Source data |
---
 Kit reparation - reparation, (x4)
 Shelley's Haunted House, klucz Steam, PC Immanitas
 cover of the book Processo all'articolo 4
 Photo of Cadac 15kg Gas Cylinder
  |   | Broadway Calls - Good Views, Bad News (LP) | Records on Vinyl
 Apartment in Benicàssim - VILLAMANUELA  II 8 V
---
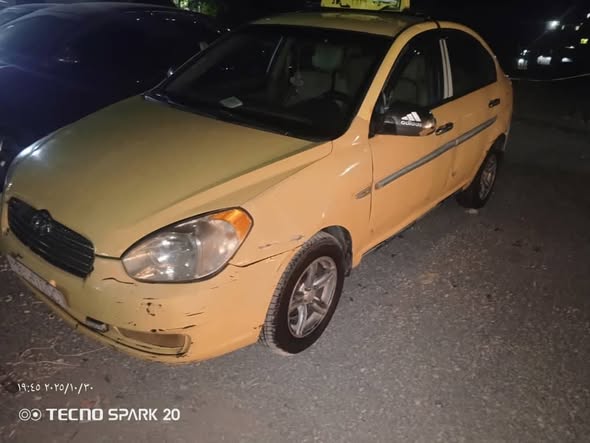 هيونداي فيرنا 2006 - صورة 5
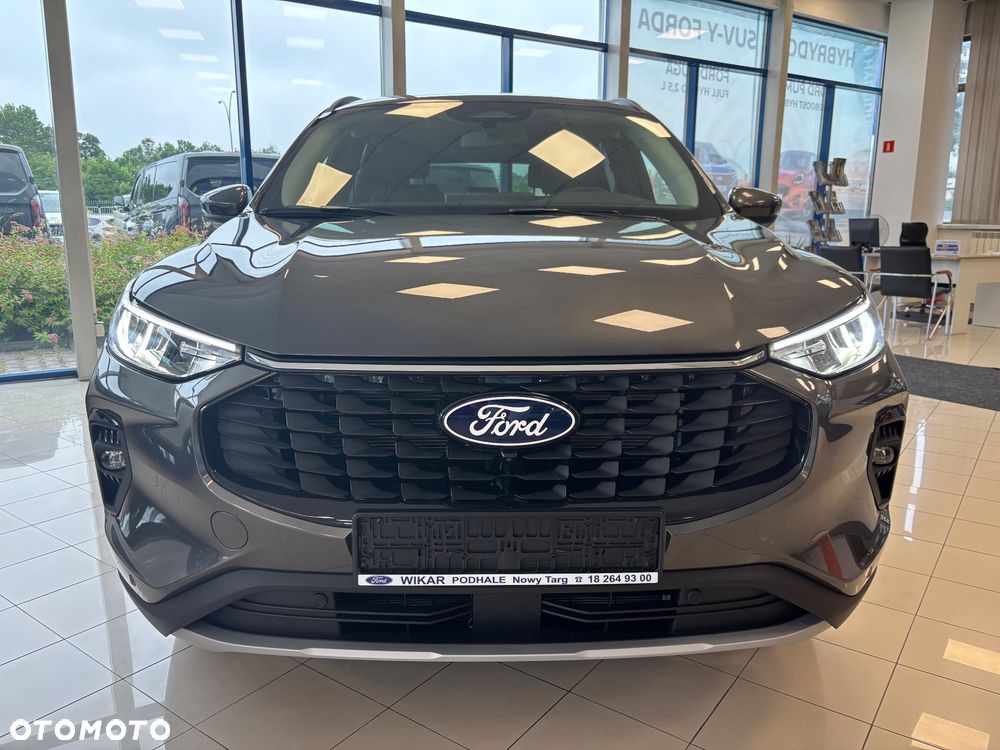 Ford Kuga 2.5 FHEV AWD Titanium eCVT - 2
---
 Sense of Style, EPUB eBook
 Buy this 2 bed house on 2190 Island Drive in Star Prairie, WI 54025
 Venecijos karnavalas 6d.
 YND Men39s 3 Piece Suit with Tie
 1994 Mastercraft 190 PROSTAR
---
Task statement | Using the entries above, give back exactly the line containing "YND Men39s 3 Piece Suit with Tie", the line containing "1994 Mastercraft 190 PROSTAR", and every line between them, and nothing else.

Response |
 YND Men39s 3 Piece Suit with Tie
 1994 Mastercraft 190 PROSTAR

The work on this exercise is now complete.